#ubuntu-us-co 2011-06-06
<skyjumper> this channel's pretty big for being just Ubuntu in CO
<funnylookinhat> Eh
<funnylookinhat> It could be bigger...  :)
<FunnyLookinHat> I swear - XChat can't remember my nick for the life of it.
<FunnyLookinHat> Oh it remembered!
<FunnyLookinHat> win]
#ubuntu-us-co 2011-06-07
<joey> rockstar: ve testing thursday at 7pm :-)
#ubuntu-us-co 2011-06-08
<rockstar> joey, I'm in London until Saturday.  :)
<ToyKeeper> Sounds more exciting than my trip this week...  spending the week in Pueblo.

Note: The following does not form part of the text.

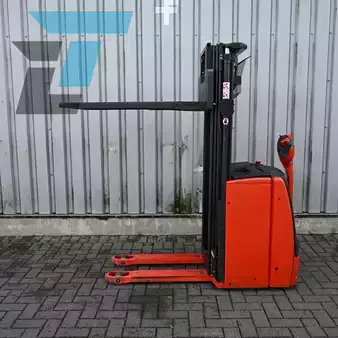 Pallestabler 2020  Linde L14 Elektrische stapelaar (4)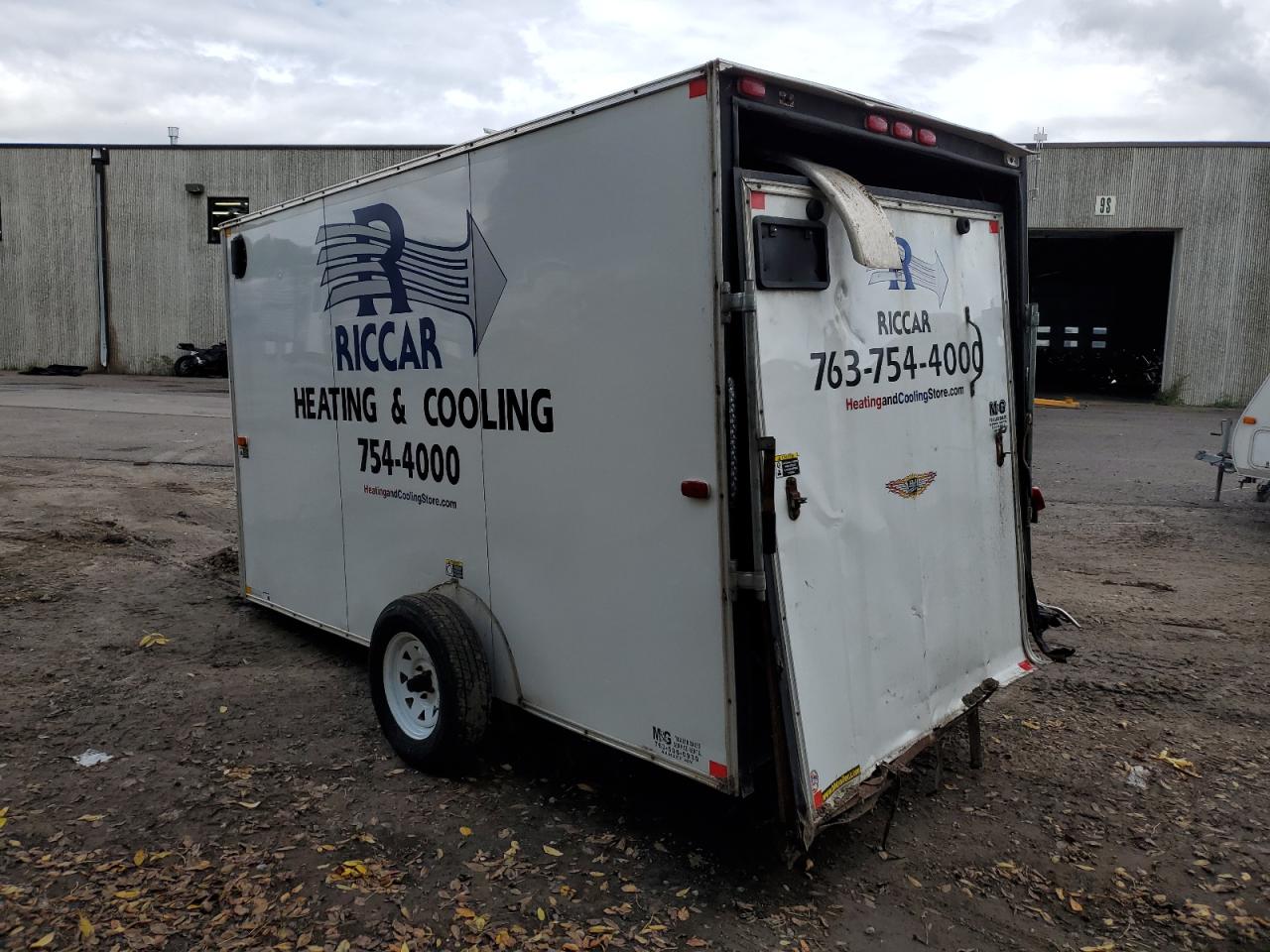 Image 3 of 2015 OTHER TRAILER 2015 with VIN 533SC1210FC241749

<ToyKeeper> (visiting family and a friend)
<funnylookinhat> Pueblo.
<funnylookinhat> No bueno.
<ToyKeeper> Well, technically south of Pueblo, on a ranch.  I've been spending my days next to the air conditioner vent.  :)
<FunnyLookinHat> hah
<FunnyLookinHat> Yeah I hear it's hitting 100 down there all week
<FunnyLookinHat> That's no good
<ToyKeeper> It's not bad inside.  I've been pretty comfortable.  But the family is adapted to a desert climate and I'm not, so I stay near the AC vents.
#ubuntu-us-co 2011-06-09
<skyjumper> maybe a stretch, but is anyone in boulder looking to rent out a room?